Apart from the main characters

of Warchild, I was enchanted by

lots of Cartmel’s lovely – albeit

slightly cynical – touches. Lovely

scenes that see Roz and Benny

casually sipping champagne as

their aircraft loses altitude and

panic engulfs their fellow airline

passengers. Some of it is almost

soapy - particularly the Justine /

Creed / Amy domestics - but rather than detract from the story these elements only add to the richness of it. There are superb supporting characters like Jessica, the air stewardess who loses her fiancé, and Stanmer, Creed’s arsehole colleague - at times it’s easy to forget you‘re reading a Doctor Who novel. If anything, Warchild is more relatable than Warhead or Warlock despite being set further into the future because it focuses so much on the human element rather than ‘cyberpunk’. Some may construe that as a criticism, but they shouldn’t. This novel expands the canvas rather than betrays it.

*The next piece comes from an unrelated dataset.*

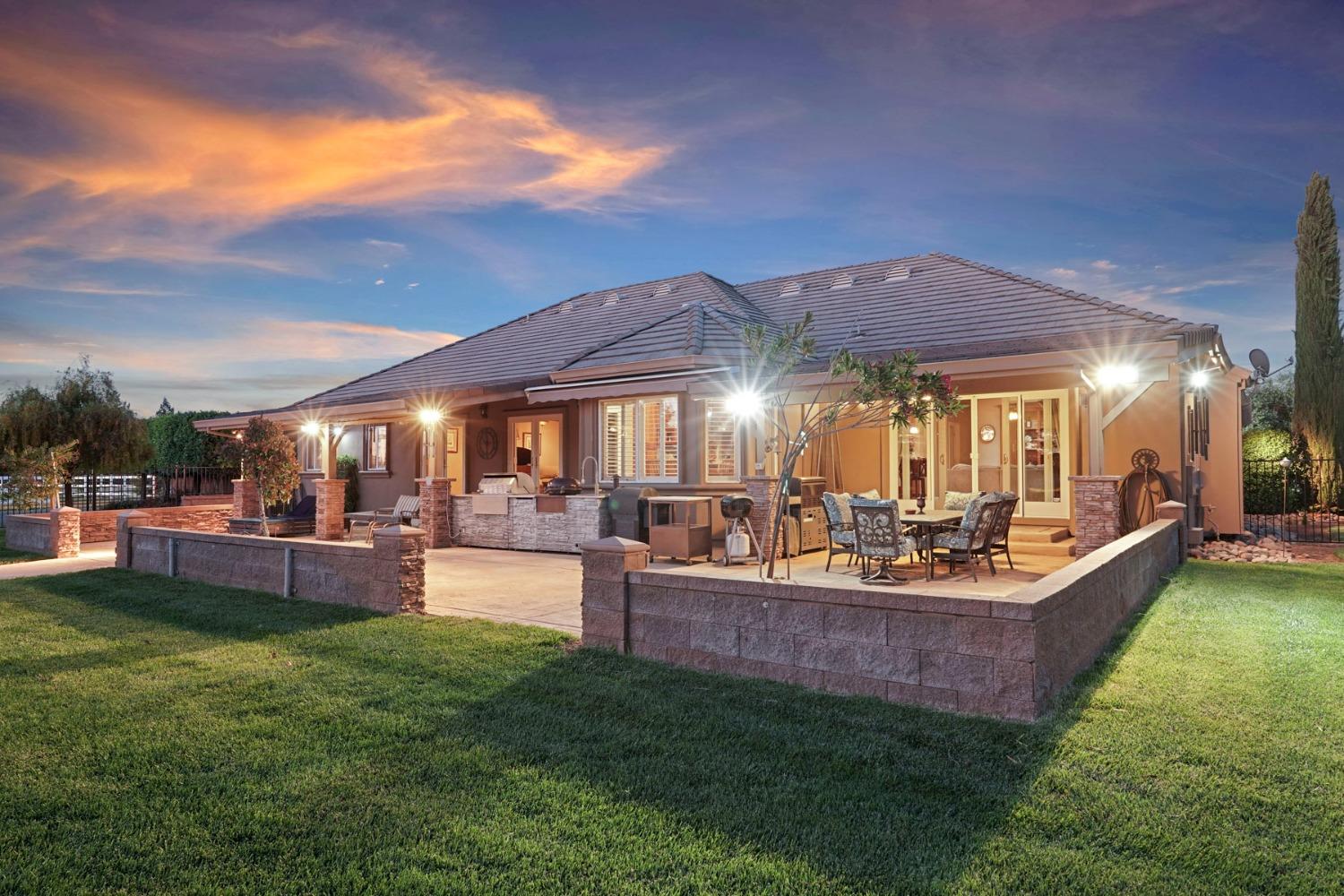 Detail Gallery Image 6 of 63 For 22947 N Samra Hayer Ln, Acampo,  CA 95220 - 4 Beds | 2/1 Baths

The only real downside to Warchild is that its heroes are largely absent. Admittedly this was the case with both of Cartmel’s previous Doctor Who novels, but not to this degree. Even the Doctor’s companions have very  little to do in this novel; Benny barely makes an appearance after the first few chapters, and Chris’s role is very small indeed. The Doctor himself appears only right at the death, and even there he plays a much less significant role than one would expect in setting things right. But maybe that’s the point of this book. Maybe the Doctor is just the nexus that things happen around. Maybe he’s the alpha male...


On the whole, Warchild is an intense novel that I would heartily recommend to anyone, even non-Who fans. Especially non-Who fans, in fact. Cartmel’s whole New Adventures trilogy is a phenomenal piece of work: vicious and spiky, terrifying, and, in the end, perhaps even a little profound.